- _Source data_
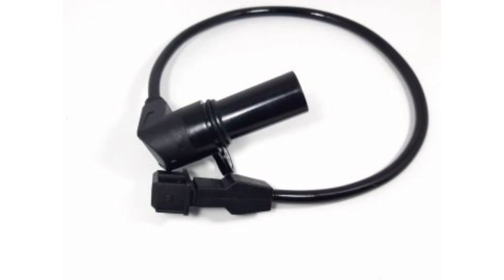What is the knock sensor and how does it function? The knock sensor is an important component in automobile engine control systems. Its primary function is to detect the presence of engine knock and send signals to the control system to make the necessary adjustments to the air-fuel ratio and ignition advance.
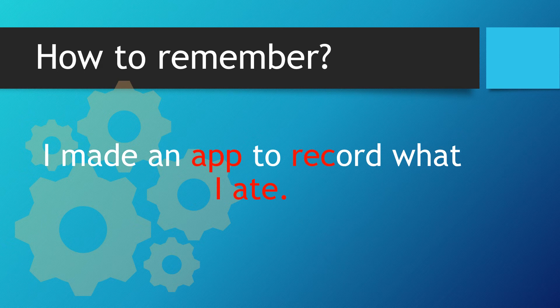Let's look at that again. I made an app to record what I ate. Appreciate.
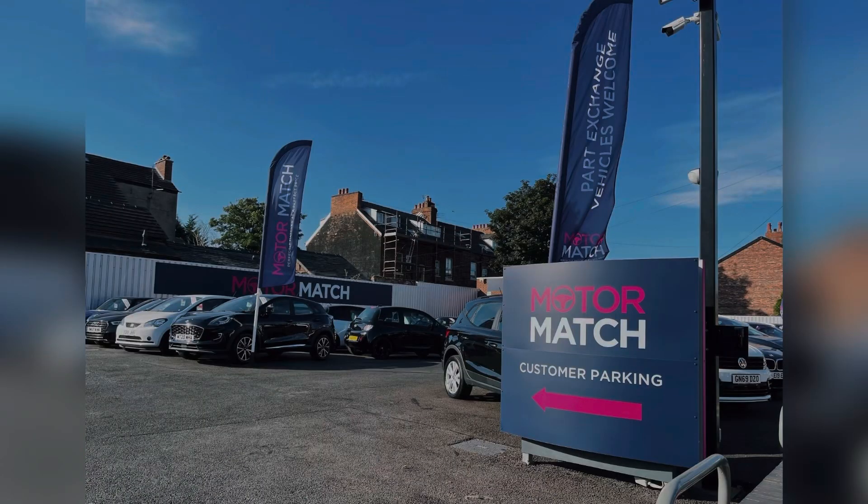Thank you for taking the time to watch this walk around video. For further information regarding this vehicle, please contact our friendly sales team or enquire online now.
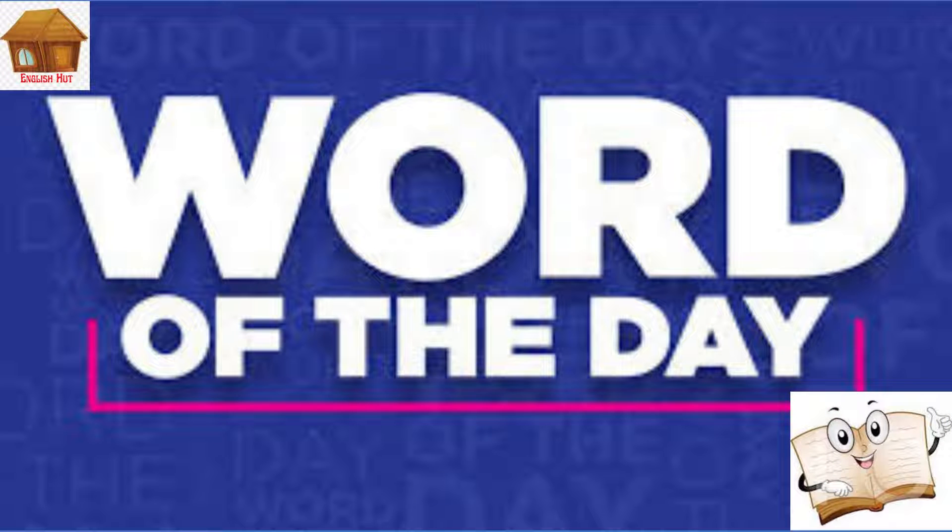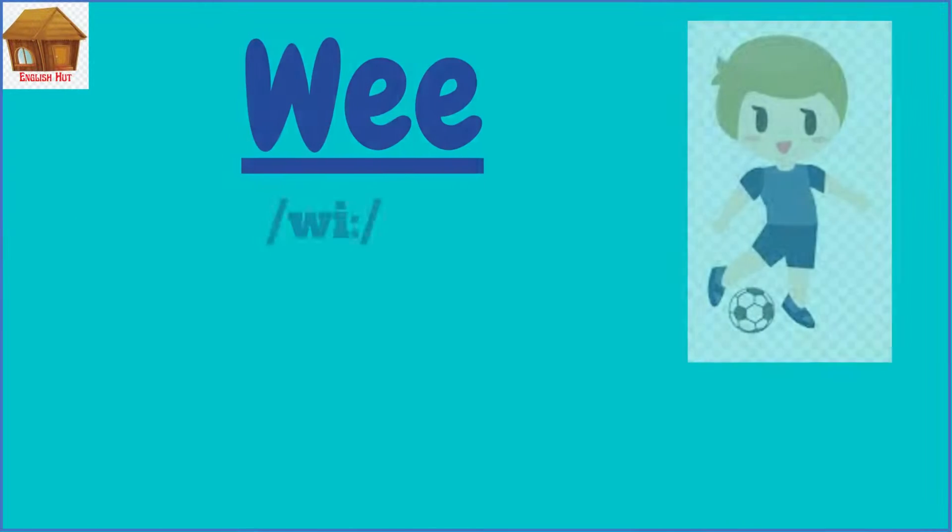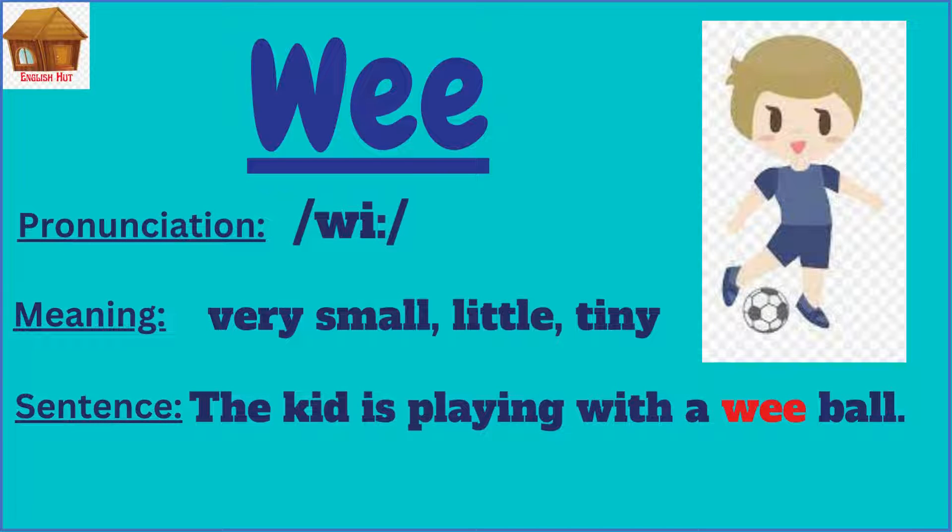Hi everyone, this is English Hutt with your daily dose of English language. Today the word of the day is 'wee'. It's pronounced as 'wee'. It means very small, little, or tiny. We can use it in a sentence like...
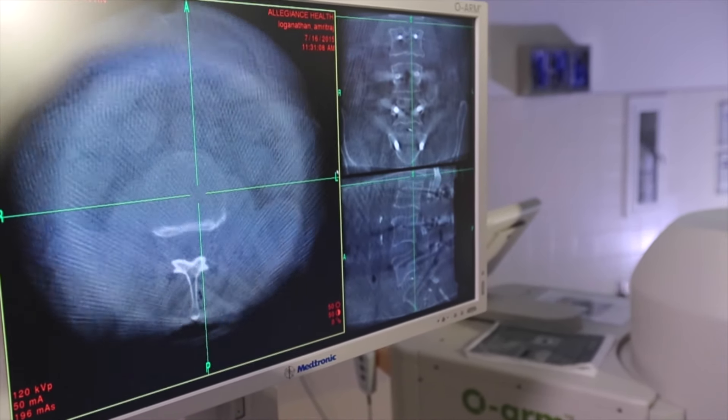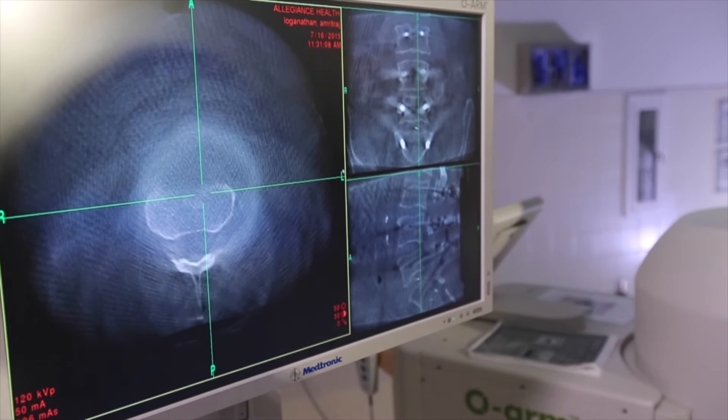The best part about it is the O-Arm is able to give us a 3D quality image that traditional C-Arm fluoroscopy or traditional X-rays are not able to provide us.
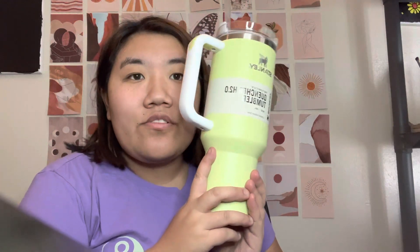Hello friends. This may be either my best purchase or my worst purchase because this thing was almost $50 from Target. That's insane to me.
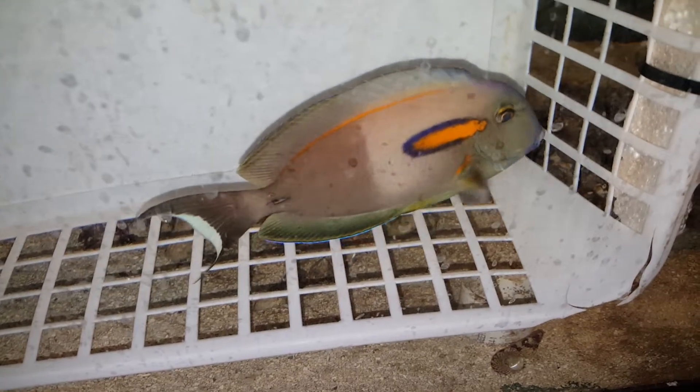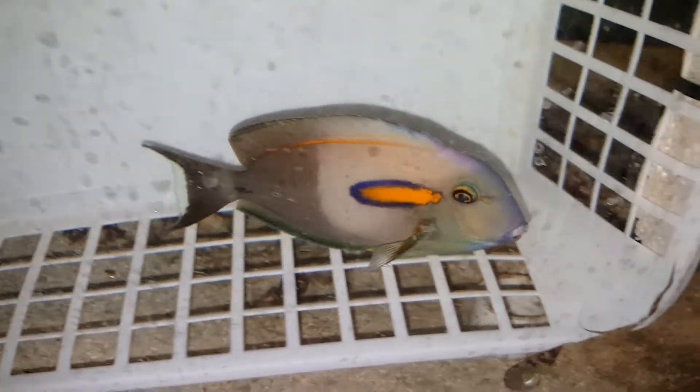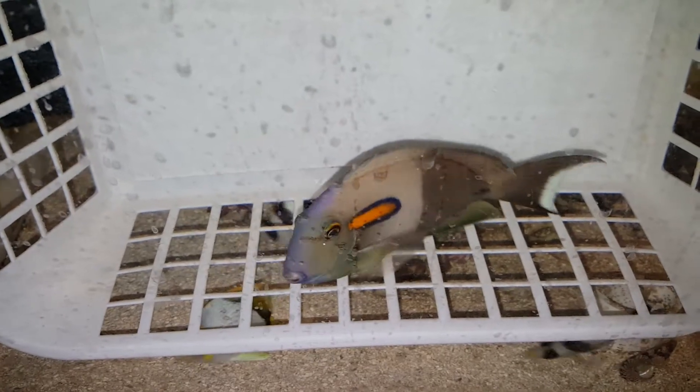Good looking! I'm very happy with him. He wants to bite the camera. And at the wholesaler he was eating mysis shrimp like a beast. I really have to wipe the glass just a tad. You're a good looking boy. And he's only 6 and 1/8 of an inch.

- _Problem description_
Restate the listing above word for word. Leave the images out.

- _Task response_
What is the knock sensor and how does it function? The knock sensor is an important component in automobile engine control systems. Its primary function is to detect the presence of engine knock and send signals to the control system to make the necessary adjustments to the air-fuel ratio and ignition advance.
Let's look at that again. I made an app to record what I ate. Appreciate.
Thank you for taking the time to watch this walk around video. For further information regarding this vehicle, please contact our friendly sales team or enquire online now.
Hi everyone, this is English Hutt with your daily dose of English language. Today the word of the day is 'wee'. It's pronounced as 'wee'. It means very small, little, or tiny. We can use it in a sentence like...
The best part about it is the O-Arm is able to give us a 3D quality image that traditional C-Arm fluoroscopy or traditional X-rays are not able to provide us.
Hello friends. This may be either my best purchase or my worst purchase because this thing was almost $50 from Target. That's insane to me.
Good looking! I'm very happy with him. He wants to bite the camera. And at the wholesaler he was eating mysis shrimp like a beast. I really have to wipe the glass just a tad. You're a good looking boy. And he's only 6 and 1/8 of an inch.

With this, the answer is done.